Or did you at least master through an Apple Digital Masters Certified Studio?

Looking at your home studio photos, it looks like you've easily spent more than $100,000 on gear. I'll go out on a limb and venture a guess that you've nowhere near made that back from recording local bands and yourself. I assume you made decent money in some other field of work and have used it to fund your passion. Perhaps you're retired or semi-retired and this is a second act for you.

Whatever the case is, I think it's great that you've been fortunate enough to be able to put that kind of money into your home studio and your own music. But your circumstances clearly are an exception, not the rule. Most people here can't afford elective mastering for a vanity project they'll likely never recoup from. And yet they could still upload their music to YouTube, SoundCloud, Bandcamp, or even Apple Music and Spotify (through a distributor like DistroKid) where people could listen, download or purchase it. Even without spending hundreds or thousands on mastering.

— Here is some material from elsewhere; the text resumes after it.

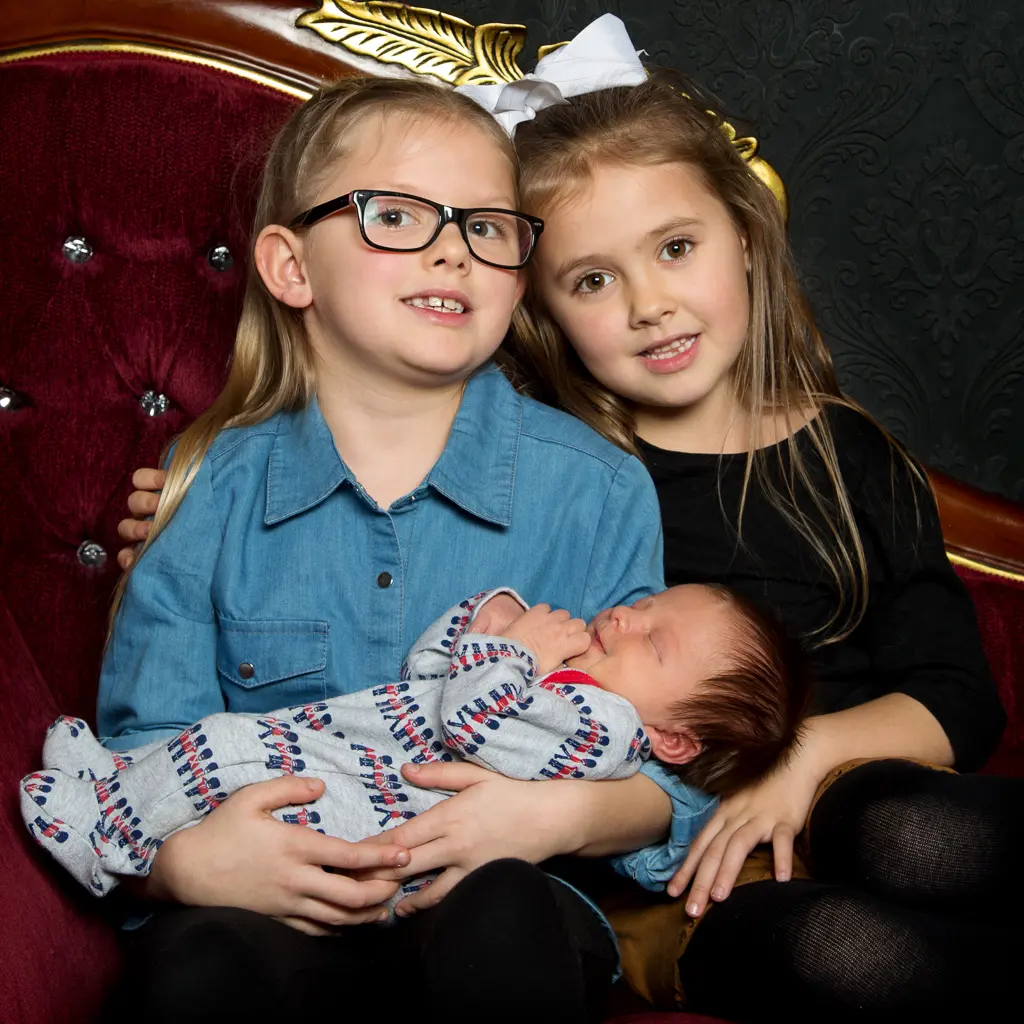 Two sisters hold their new baby brother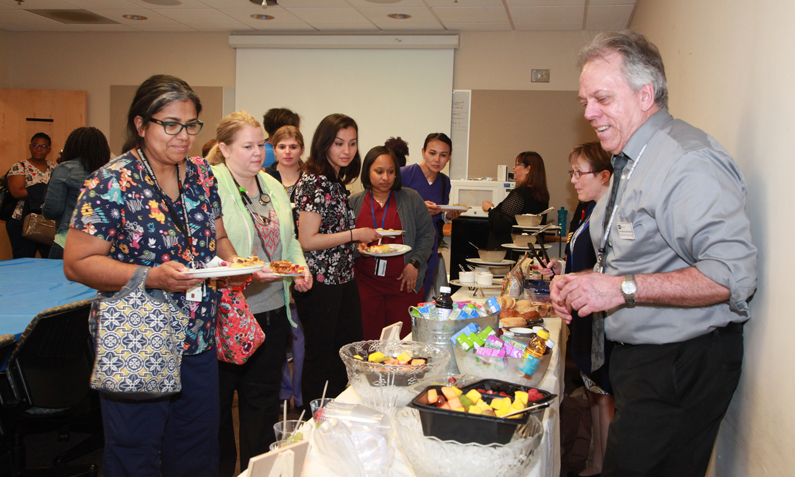 Nursing leadership staff serves breakfast for night shift nurses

Since most people that are producing their music themselves are not in a position to pay for a reputable outside mastering engineer, but they've heard this mantra over and over that "you must master," many end up taking things into their own hands and inevitably overdo it, because they think more equals better.

That gets us back to why I cannot stress enough, if you're just uploading mp3s for internet streaming, just target -14 LUFS and a DR of around 9 (give or take, depending on the genre.) And do as little else as possible. Instead, try to get it to sound right in the mix from the start. This is also an ideal position to be coming from if you need to send it off to get mastered for physical media or Apple Digital Masters.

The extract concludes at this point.